What needs to be done —
Starting with the line that holds "A middle-aged man", repeat each line through the last one below, exactly. Pictures stay out.

Data segment —
[Start of section]

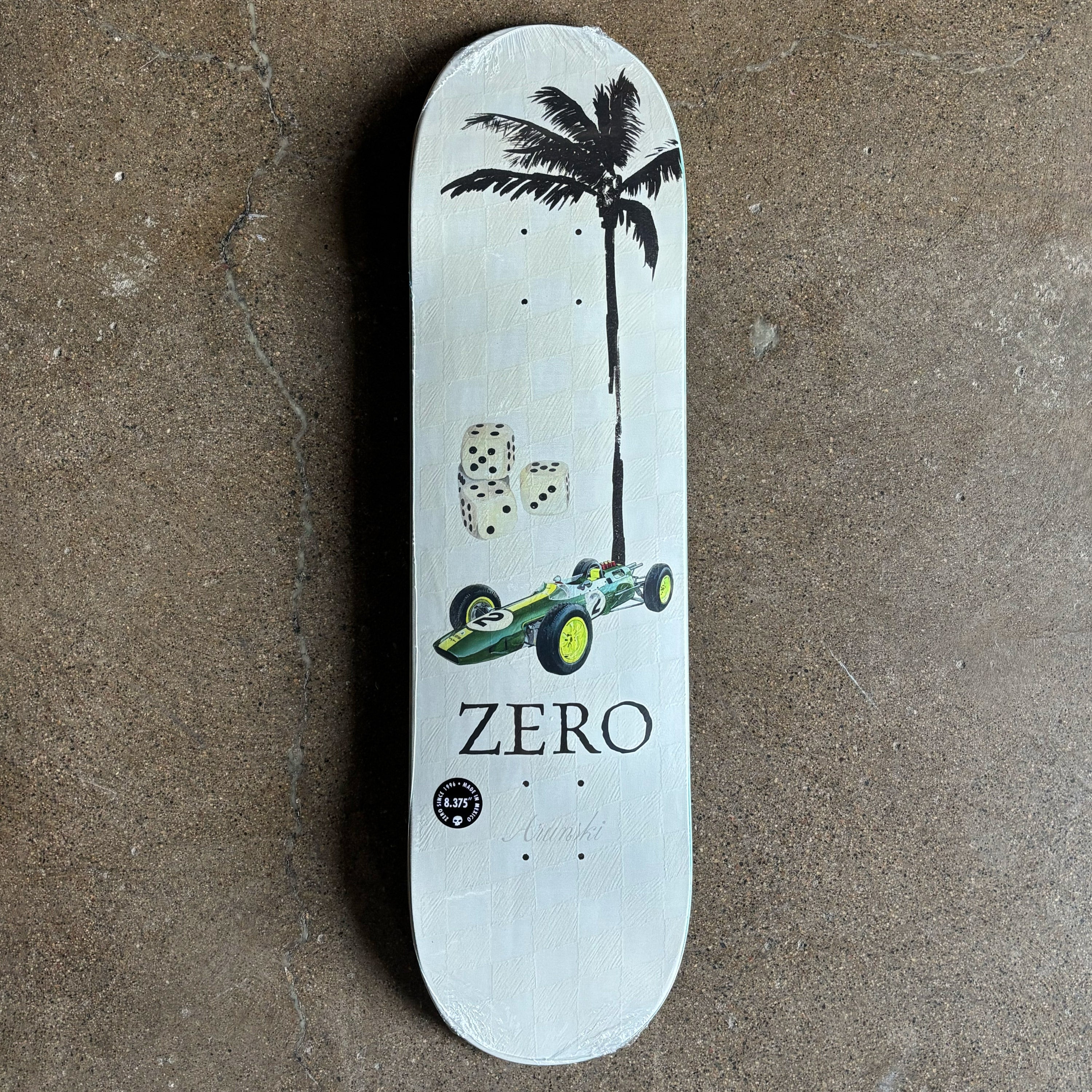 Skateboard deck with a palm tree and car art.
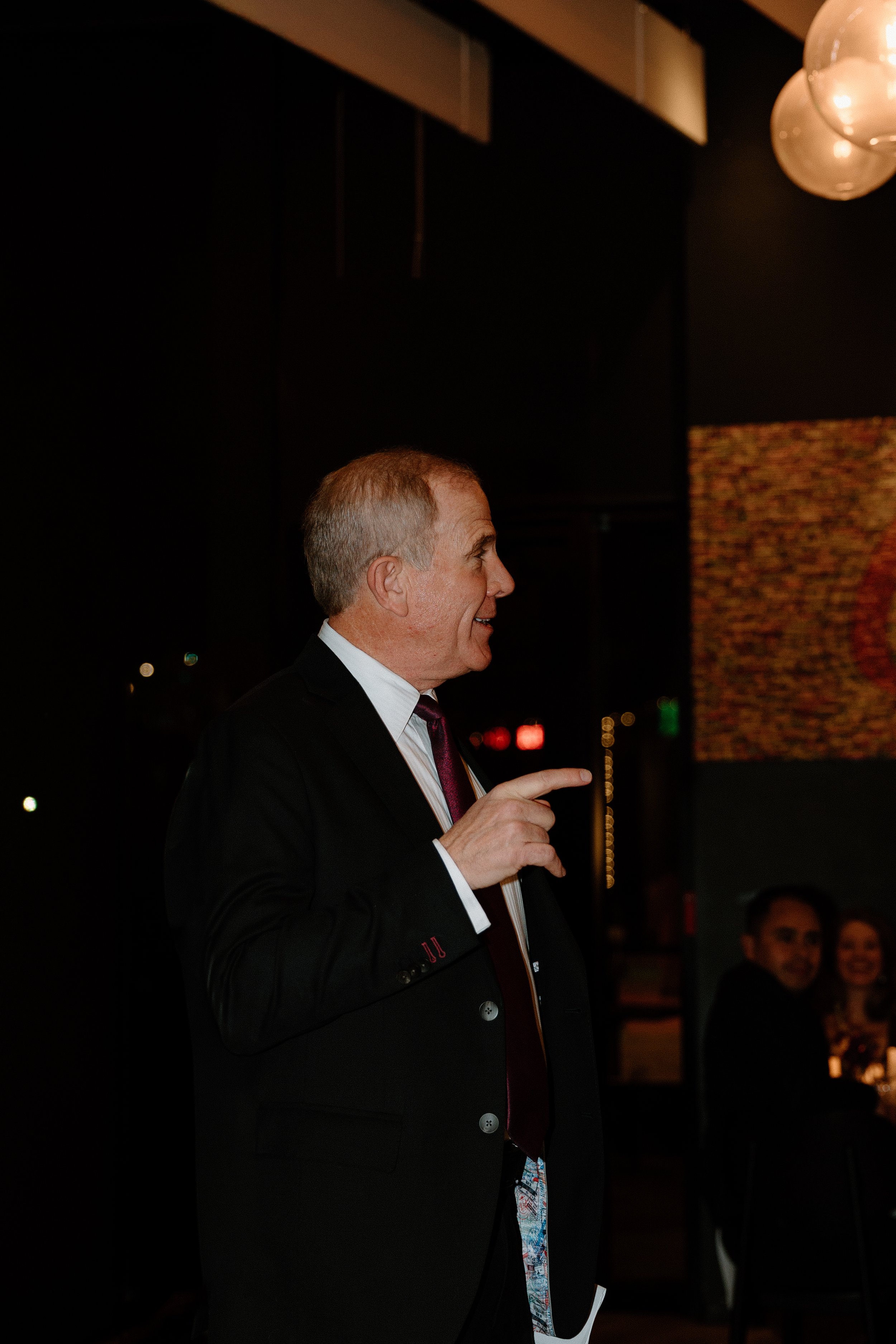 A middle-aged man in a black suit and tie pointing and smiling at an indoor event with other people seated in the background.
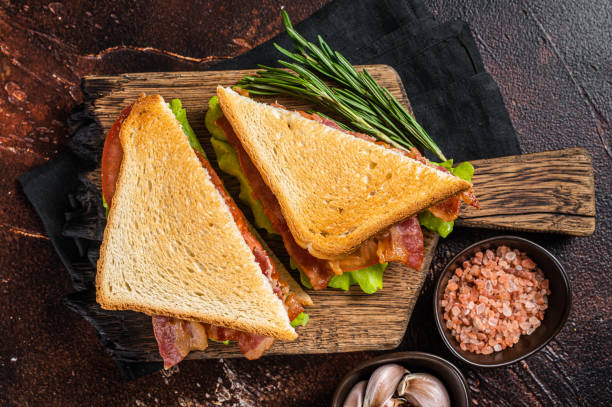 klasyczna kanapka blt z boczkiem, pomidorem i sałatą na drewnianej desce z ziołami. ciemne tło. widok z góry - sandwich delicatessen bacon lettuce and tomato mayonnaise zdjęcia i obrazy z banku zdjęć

[End of section]

Task output —
 A middle-aged man in a black suit and tie pointing and smiling at an indoor event with other people seated in the background.
 klasyczna kanapka blt z boczkiem, pomidorem i sałatą na drewnianej desce z ziołami. ciemne tło. widok z góry - sandwich delicatessen bacon lettuce and tomato mayonnaise zdjęcia i obrazy z banku zdjęć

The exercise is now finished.